■ **Source information**:
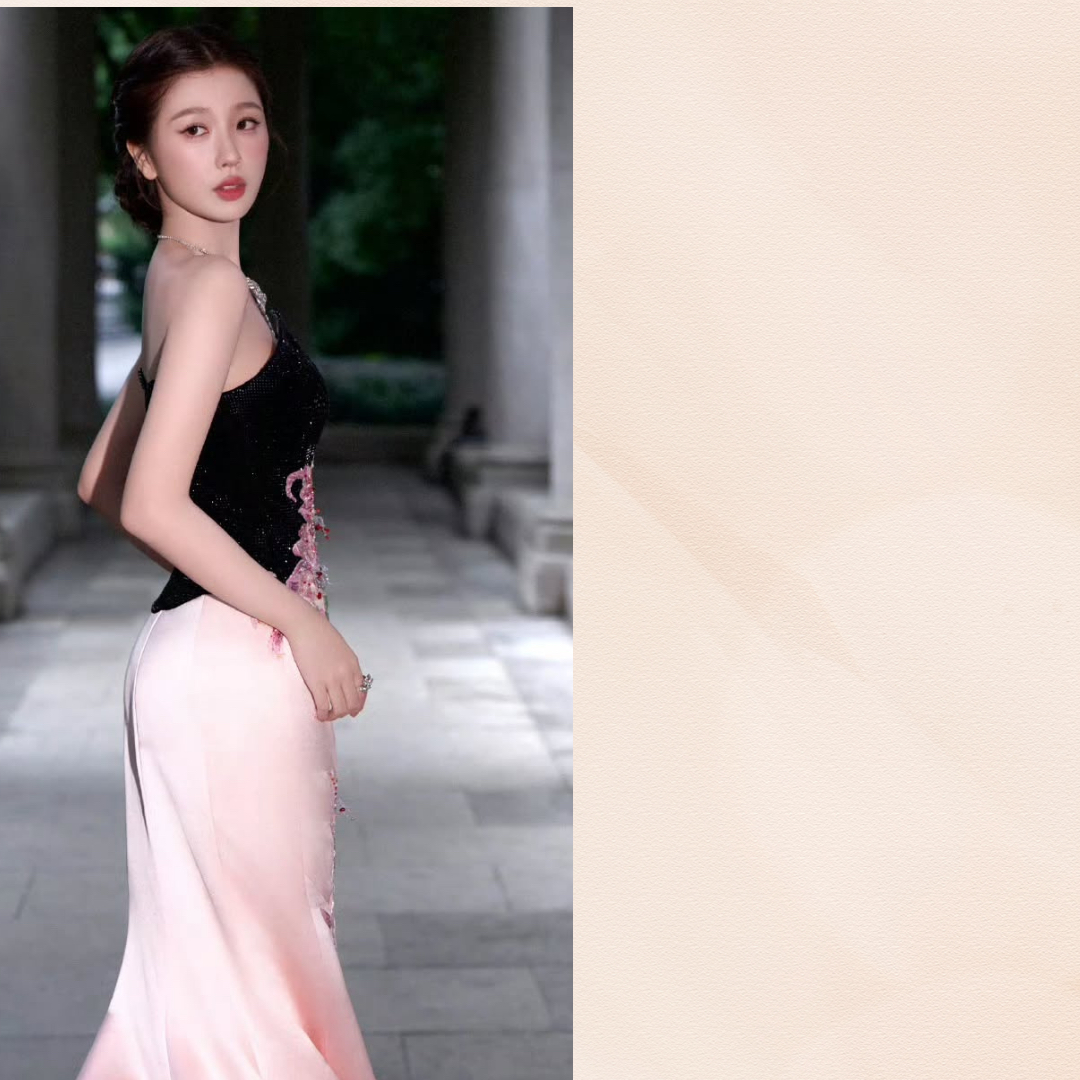 Recent activity shot of Esther Yu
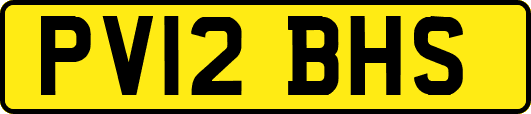 PV12BHS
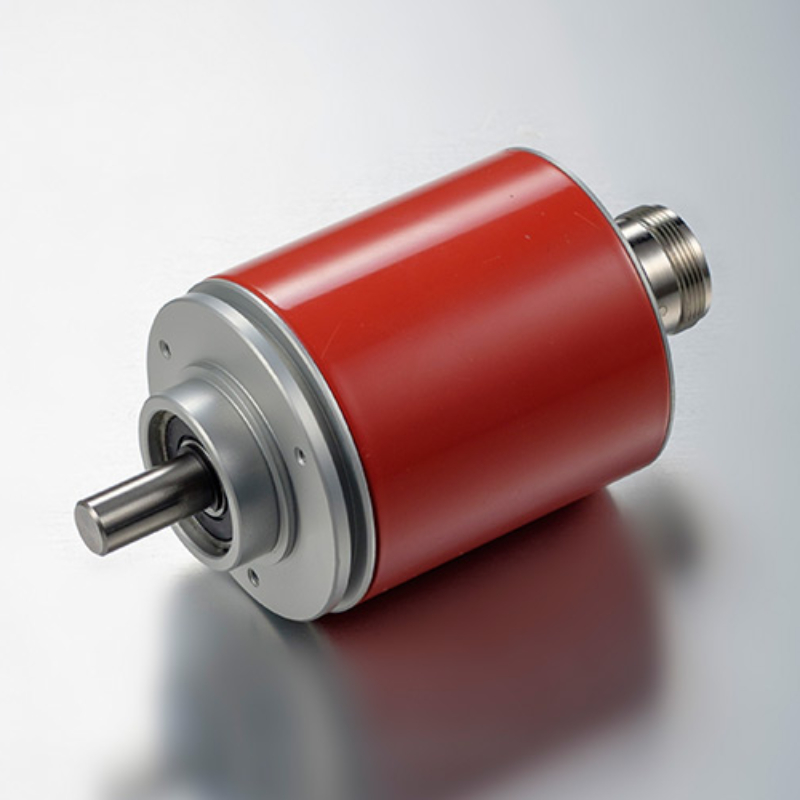 Digitronic Encoder Digitron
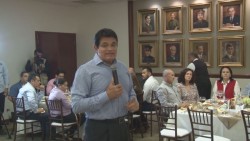 Sinaloa tuvo estabilidad durante seis años asegura Mario López Valdez.
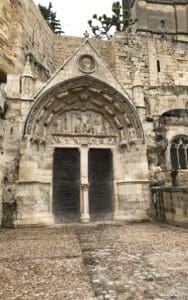 Wine tour Bordeaux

■ **Problem to solve**: For the entries above, return an exact copy that omits the images.

■ **Result**:
 Recent activity shot of Esther Yu
 PV12BHS
 Digitronic Encoder Digitron
 Sinaloa tuvo estabilidad durante seis años asegura Mario López Valdez.
 Wine tour Bordeaux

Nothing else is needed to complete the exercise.